An employee places vegetables at Crimean Farmstead, Russia's first specialized grocery which sells products from Crimea, in the Moscow suburb of Khimki January 25, 2015. Reuters/Maxim Zmeyev

German supermarket giant Kaufland has scored another site in Australia as it gears to break into the grocery market. The chain’s expansion is expected to lead to further supermarket price wars in the coming years.

The Schwarz Group, the owner of Kaufland, has reportedly spent $16.4 million for a site in Dandenong, Melbourne, The Daily Telegraph reports. The company previously spent another $25 million for its first Australian site in Adelaide.

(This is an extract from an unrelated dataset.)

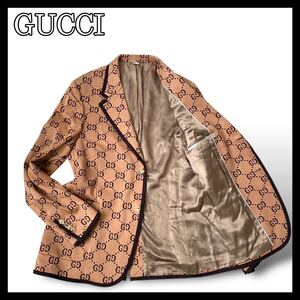 極美品● GUCCI グッチ　テーラードジャケット　ブレザー　GG柄　ジャガード　現行モデル　2XL相当　サイズ52 ブラウン　茶色　d207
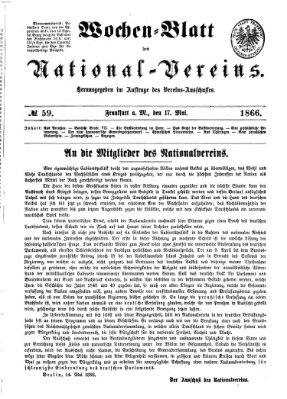 Wochen-Blatt des National-Vereins (Wochenschrift des Nationalvereins) Donnerstag 17. Mai 1866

The Schwarz Group is the fourth-biggest retailer globally. It is known for its sprawling stores and a wide variety of goods. Up to 60,000 products are being sold in each store. In Europe, the chain already has over 1,230 stores.

Cheaper grocery bills and wider selections

Queensland University of Technology’s Gary Mortimer said he expected Kaufland’s expansion here to lead to further price wars in the future. That means an average Australian consumer could look forward to a wider range of products and cheaper grocery bills.

Mortimer also noted that Kaufland bought a site some months ago in South Australia, and it was recently announced that Dandenong would be its next. He said that what he saw from Seek some months back was that they were recruiting for business development managers for Sydney, Melbourne and Brisbane, suggesting that those will be the next three markets they will enter.

Lidl is the other brand they own, so the Schwarz Group has over the years slowly trademarked the Lidl and Kaufland brands in Down Under. Mortimer added that Aldi had paved the way for Kaufland to bring the German supermarket model here.

“Since Aldi has legitimised private label products here in Australia, the Australian shopper now understands what German food retailers look like and it will certainly enable Kaufland to expand a lot easier into the market,” The Daily Telegraph reports Mortimer as saying. He also thinks they will launch the Lidl model once the Australian site has been established in the next years.

Kaufland Australia’s website says it has “an ambitious Australian investment and development program.” Its hypermarkets in overseas can be as large as 20,000 sqm. That is close to four times the size of Coles and Woolworths Australian supermarkets. Mortimer said it is not unreasonable to think that Australia can sustain two or three major supermarkets as well as two discounters, as well as the hypermarkets such as Kaufland and Costco.